Many of the 1930s crime films also dealt with class and ethnic conflict, notably the earliest films, reflecting doubts about how well the American system was working. As stated, many films pushed the message that criminals were the result of a poor moral and economic society, and many are portrayed as having foreign backgrounds or coming from the lower class. Thus, the film criminal is often able to evoke sympathy and admiration out of the viewer, who often place the blame on not the criminal's shoulders but a cruel society in which success is difficult.[9] When the decade came to a close, crime films became more figurative, representing metaphors, as opposed to the more straight forward films produced earlier in the decade, showing an increasing interest in offering a thought provoking message about criminal character.[10]

New Hollywood

Francis Ford Coppola -1976 (cropping)
Francis Ford Coppola in 1976

With the abolition of the Hays Code in the late 1960s, studios and filmmakers found themselves free to produce films dealing with subject matter that had previously been off-limits.[2] Early examples include Arthur Penn's depression-era tale of Bonnie and Clyde; Mean Streets, Scorsese's cinema vérité story of a young aspiring mobster and his problem-gambler friend, played by Robert De Niro and Sam Peckinpah's Bring Me the Head of Alfredo Garcia, about the Mexican mob, family honor, and the opportunistic Bennie (Warren Oates), friend of the eponymous Alfredo Garcia, looking to make a big score when the chance drops in his lap. Bonnie and Clyde was one of 1967's biggest box office hit and garnered 2 Academy Awards and 8 other nominations including best picture. It, along with the others, however, were overshadowed by Francis Ford Coppola Godfather saga.

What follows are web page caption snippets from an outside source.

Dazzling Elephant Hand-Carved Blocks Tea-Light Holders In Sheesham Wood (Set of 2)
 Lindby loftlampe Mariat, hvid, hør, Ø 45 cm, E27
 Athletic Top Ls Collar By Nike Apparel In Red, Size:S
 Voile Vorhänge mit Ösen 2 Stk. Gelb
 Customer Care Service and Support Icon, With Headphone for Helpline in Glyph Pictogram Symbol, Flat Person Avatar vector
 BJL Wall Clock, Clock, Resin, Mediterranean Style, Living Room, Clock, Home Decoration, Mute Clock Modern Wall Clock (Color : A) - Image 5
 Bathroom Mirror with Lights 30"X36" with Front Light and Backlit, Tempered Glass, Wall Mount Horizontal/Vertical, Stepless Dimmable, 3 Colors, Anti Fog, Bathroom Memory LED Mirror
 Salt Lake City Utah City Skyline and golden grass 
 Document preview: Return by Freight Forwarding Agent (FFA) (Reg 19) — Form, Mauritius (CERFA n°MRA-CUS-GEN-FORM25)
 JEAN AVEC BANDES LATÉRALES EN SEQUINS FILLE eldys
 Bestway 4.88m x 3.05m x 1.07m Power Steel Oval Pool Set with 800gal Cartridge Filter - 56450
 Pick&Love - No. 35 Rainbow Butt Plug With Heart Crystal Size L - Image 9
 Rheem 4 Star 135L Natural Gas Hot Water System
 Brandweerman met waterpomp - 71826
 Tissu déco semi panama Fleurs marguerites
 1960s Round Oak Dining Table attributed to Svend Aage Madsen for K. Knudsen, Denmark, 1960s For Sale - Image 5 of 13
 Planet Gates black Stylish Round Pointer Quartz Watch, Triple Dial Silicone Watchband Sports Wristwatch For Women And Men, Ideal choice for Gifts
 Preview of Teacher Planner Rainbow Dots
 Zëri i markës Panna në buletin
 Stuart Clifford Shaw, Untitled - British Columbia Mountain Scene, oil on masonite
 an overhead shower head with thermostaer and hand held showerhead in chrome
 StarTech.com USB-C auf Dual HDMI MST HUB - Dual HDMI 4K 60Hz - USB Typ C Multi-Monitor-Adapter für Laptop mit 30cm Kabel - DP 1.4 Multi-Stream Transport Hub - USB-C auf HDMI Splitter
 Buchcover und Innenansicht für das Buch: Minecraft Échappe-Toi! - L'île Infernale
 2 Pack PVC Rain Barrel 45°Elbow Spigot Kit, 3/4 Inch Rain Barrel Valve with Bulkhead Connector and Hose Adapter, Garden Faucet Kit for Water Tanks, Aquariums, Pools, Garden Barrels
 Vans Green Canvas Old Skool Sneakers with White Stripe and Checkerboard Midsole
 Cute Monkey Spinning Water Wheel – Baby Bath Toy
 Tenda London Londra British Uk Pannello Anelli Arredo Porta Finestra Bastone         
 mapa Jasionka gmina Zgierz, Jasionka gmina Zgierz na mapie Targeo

The Godfather pioneering Italian-American Mafia films

In 1972, Francis Ford Coppola's The Godfather was released. The epic story of the Corleone family, its generational transition from post-prohibition to post-war, its fratricidal intrigues, and its tapestry of mid-century America's criminal underworld became a huge critical and commercial success. It accounted for nearly 10% of gross proceeds for all films for the entire year.[11] It won the Oscar for Best Picture, as well as the award for Best Actor for Marlon Brando[12] and is widely considered one of the greatest American films of all time. Two years later, The Godfather Part II became the fifth-highest-grossing film of the year and garnered 11 Academy Award nominations. It again won Best Picture. Coppola won Best Director and Robert DeNiro won best supporting actor for his portrayal of a young Vito Corleone.

The lesson of the films' successes was not wasted on Hollywood. Throughout the 1970s and 1980s, the studios issued a steady flow of films about Italian American gangsters and the Mafia. Some of these were critically acclaimed. Scorsese's Goodfellas about Henry Hill's life and relationship with the Lucchese and Gambino crime families, was nominated for 6 Academy Awards, including Best Picture and Best Director and won the award for Best Supporting Actor for Joe Pesci's performance. Others, however, strayed into stereotypes and the gratuitous use of Italian ethnicity in minor characters who happened to be criminals. This created a backlash in the Italian American community.[13]

Scorsese and the 1990s–2010s

The films of the 1990s produced several critically acclaimed mob films, many of which were loosely based on real crimes and their perpetrators. Many of these films featured long-time actors well known for their roles as mobsters such as Al Pacino, Robert De Niro, Joe Pesci and Chazz Palminteri.

Goodfellas, directed by Martin Scorsese, starred Ray Liotta as real-life associate of the Lucchese crime family Henry Hill. It was one of the most notable gangster films of the decade. Robert De Niro and Joe Pesci also starred in the film with Pesci earning an Academy Award for Best Actor in a Supporting Role. The film was nominated for six Academy Awards in all, including Best Picture and Best Director, making Goodfellas one of the most critically acclaimed crime films of all time.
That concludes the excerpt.